Pharaun descansaba en el suelo del bosque, con la mirada fija en los enfadados ojos de cinco serpientes siseantes. Sus colmillos desnudos goteaban veneno, las bocas abiertas de par en par. Las víboras, rojas y negras, tiraban de la empuñadura del látigo del que nacían.
La mujer que sostenía el flagelo bajó la mirada hacia Pharaun con ira apenas contenida. Más alta y fuerte que el maestro de Sorcere, era una figura imponente. Pharaun no le veía la cara (la brillante luz que caía del cielo lo deslumbraba, y la convertía en una silueta oscura con pelo blanco como el hueso), pero su voz era tan venenosa como los siseos de las serpientes.
—Pisaste esa araña a propósito —dijo Quenthel.

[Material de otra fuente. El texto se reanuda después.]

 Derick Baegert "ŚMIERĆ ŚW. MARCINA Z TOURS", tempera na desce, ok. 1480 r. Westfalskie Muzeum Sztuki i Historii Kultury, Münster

—No —replicó, mientras se estremecía a causa de la nieve derretida que empapaba su elegante camisa y le helaba la espalda. Era un consuelo que los demás miembros del grupo se hubieran dispersado en diferentes direcciones para reconocer el terreno; que no estuvieran allí para verlo en una postura tan indigna—. No veo absolutamente nada con esta condenada luz. ¿Dejaría que mis pantalones llegaran a este estado si viera lo suficiente para rodear las zarzas que los desgarran? Si había una araña en el camino, no sabía que estuviera ahí.
Miró a su izquierda, al lugar que Quenthel había señalado. Mientras miraba en esa dirección, apartó la mano derecha de la espalda.
Una de las serpientes del látigo siseó una advertencia a su señora, pero demasiado tarde. En el momento en que la mano de Pharaun estuvo libre, pronunció la palabra que despertó la magia de su anillo. Al instante, la arandela de acero que le rodeaba el dedo se desplegó, extendiéndose hasta formar una espada. Rápida como el pensamiento, atacó a las serpientes.
Las víboras retrocedieron, escapando a duras penas de la hoja. Quenthel dio un salto atrás, y la cota de mallas tintineó. Pharaun se puso en pie apresuradamente y la puso en apuros con la espada.
—¡Jeggred! —gritó Quenthel, con el piwafwi arremolinándose a su espalda mientras esquivaba la danzarina espada—. ¡Defiéndeme!
Pharaun metió la mano en uno de los bolsillos de su piwafwi y sacó un pellizco de polvo de diamante. Lo esparció a su alrededor, mientras gritaba las palabras de un conjuro. Se levantó una bóveda de fuerza a su alrededor, que brillaba como un cuenco boca abajo.
Y en el momento justo. Un instante después de que se materializara la cúpula, una vaga forma drow surgió del bosque. El draegloth saltó sobre la bóveda, y las garras de sus manos grandes chirriaron como el alarido de los condenados mientras pugnaban por asirse a la superficie dura como el diamante. El semidemonio saltó una y otra vez sobre la cúpula, pero resbalaba.
Al final se rindió y se sentó junto a la barrera mágica, con las manos pequeñas crispadas en puños sobre el suelo, mientras, frustrado, flexionaba las grandes. Clavó los rojos ojos en Pharaun, desafiante, alzó la barbilla, movimiento que hizo que se agitara la melena de pelaje blanco que le cubría los hombros.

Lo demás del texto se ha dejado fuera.